Sunday, July 10, 2005

Taking stands is part of politics

On a state Libertarian Party-related email discussion list, one long-time member expresses his dissatisfaction with the LP's "Exit Strategy for Iraq" thusly:

"It would make much more sense for us to acknowledge a difference of opinion among libertarians, but the anti-defense wing prefers a purge."

There are several things wrong with this statement, among them the fact that the pro-defense wing of the Libertarian Party is firmly opposed to the non-defensive war in Iraq, and that taking a position on an issue is not a "purge." But the biggest flaw is this:

Political parties take positions. That's what they do. When issues are divisive in society, they're going to be divisive among parties as well, but ultimately a party has to decide what it stands for ... and stand for it, even if that means that some members leave, and even if they throw around terms like "purge" on the way out the door that they are voluntarily walking through.

In the past, this particular poster has expressed no problem with the Libertarian Party staking out firm positions. For example, he is radically "pro-choice" on the abortion issue, and he firmly supports the "pro-choice" plank in the Libertarian Party's platform.

Now, abortion is far more divisive for Libertarians than the war issue is. A hefty minority of LP members are "pro-life" to one degree or another; depending on how you quantify it, either three or four of its last five presidential candidates have been at least nominally "pro-life;" the party came within a couple percent of deleting the abortion plank from its platform in 2002. Yet our "can't we just admit we have differences of opinion on the war and drop the issue" poster doesn't think that the LP should drop the abortion issue ... because he's got the party advocating his position on it.

LP members are far more united in opposition to the war on Iraq than they are in support of the "pro-choice" side of the abortion debate. The pro-war faction in the LP isn't infinitesimal in size, but it is small.

Furthermore, the war issue is the preeminent policy issue of the day. Abortion is, to put it bluntly, a minor side issue for the simple reason that it is vanishingly unlikely that there will be any change whatsoever in the status quo created by Roe v. Wade. Those who support abortion have nothing to worry about, and those who oppose it are wasting their time if they put too much energy into it.
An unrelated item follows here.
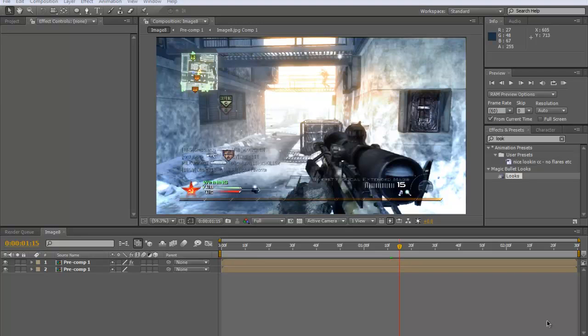Alright guys, moreover here, I am bringing you a tutorial today on how to make a lovely looking colour correction in After Effects.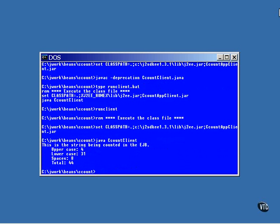There. The output from the program is a copy of the string and the results of calling the four methods that return count values for the string.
It's a deadlock.

What this poster is saying is that the LP must toe his line on minor, irrelevant issues upon which it is deeply divided, but that on major issues where it is substantially united, it should simply keep its trap shut so that he doesn't have to make a tough decision on whether to support or not support it.

That's a recipe for failure in politics. Political parties either aggressively address the issues of the day, or they remain irrelevant. The LP had to take a position on the war. Now it has. Taking a position is not a "purge." As the author of the resolution which resulted in his state party's own first actual purge -- i.e. involuntary removal -- of a member, our dissatisfied poster should know this.